◆ **Work to complete**: Set down only the lines from the one containing "往黑色小猪存钱罐里投币图片素材" through the final line of the entries below, exactly as they stand, with no pictures.

--- START ---

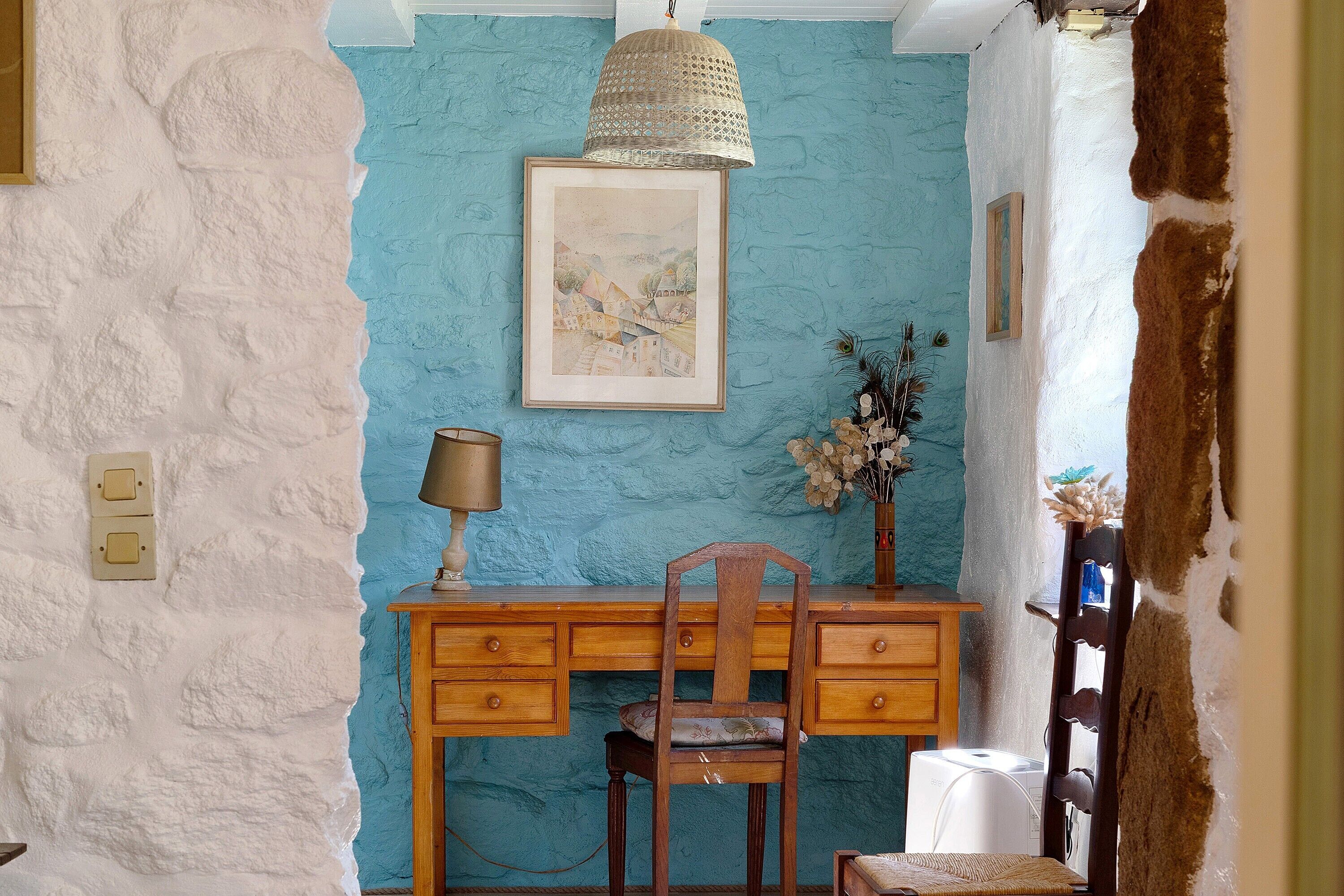 A room with a blue textured wall, a wooden desk with drawers, a chair, a hanging lamp, and a framed picture.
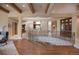 Open living area with hardwood floors, beam ceiling and an iron railing staircase at 392 Starmine Pl, Castle Rock, CO 80108
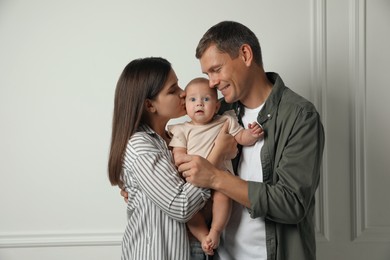 Happy family. Couple with their cute baby near light wall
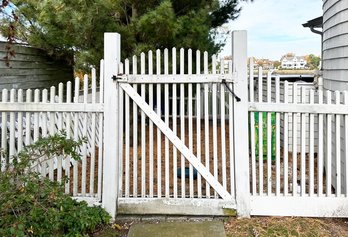 A Wood Gate And Picket Fence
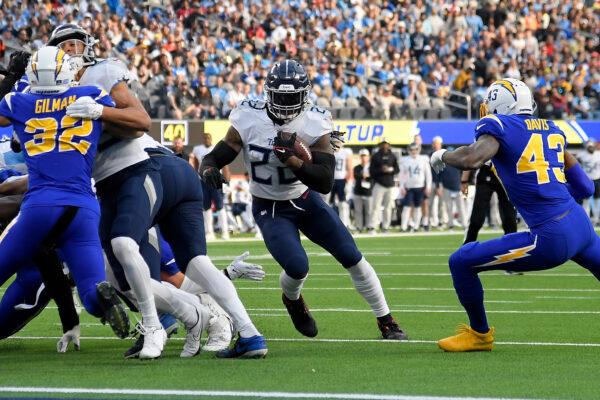 Derrick Henry (22) of the Tennessee Titans runs the ball for a touchdown during the second quarter of the game against the Los Angeles Chargers at SoFi Stadium in Inglewood, Calif., on Dec. 18, 2022. (Kevork Djansezian/Getty Images)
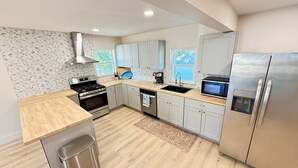 A modern kitchen with stainless steel appliances, light wood flooring, and a view of the outdoors. - Lakeview Hideaway - Sleeps 14 - Family Retreat (Spirit Lake)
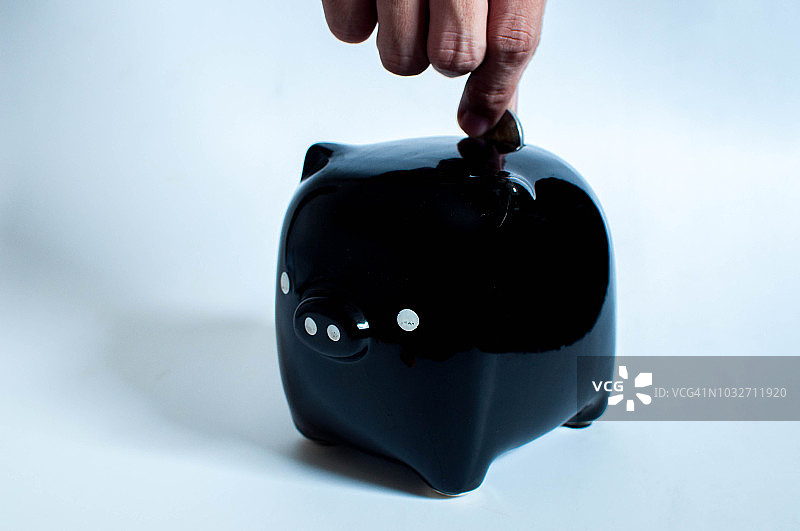 往黑色小猪存钱罐里投币图片素材
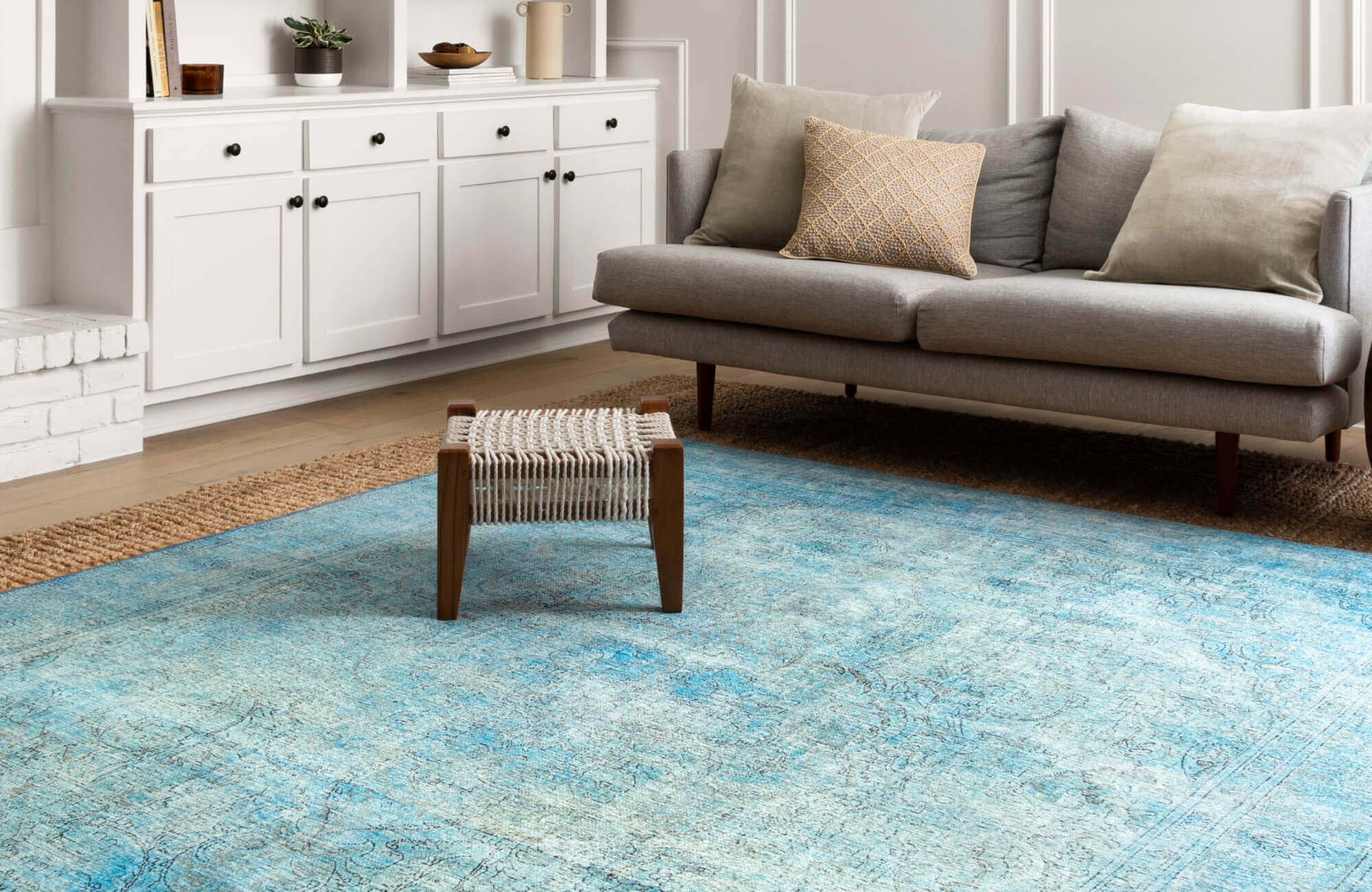 null Bright boho rug in soft blue tones, adding a cool, airy pop of color in a light and modern living space.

--- END ---

◆ **Final answer**:
 往黑色小猪存钱罐里投币图片素材
 null Bright boho rug in soft blue tones, adding a cool, airy pop of color in a light and modern living space.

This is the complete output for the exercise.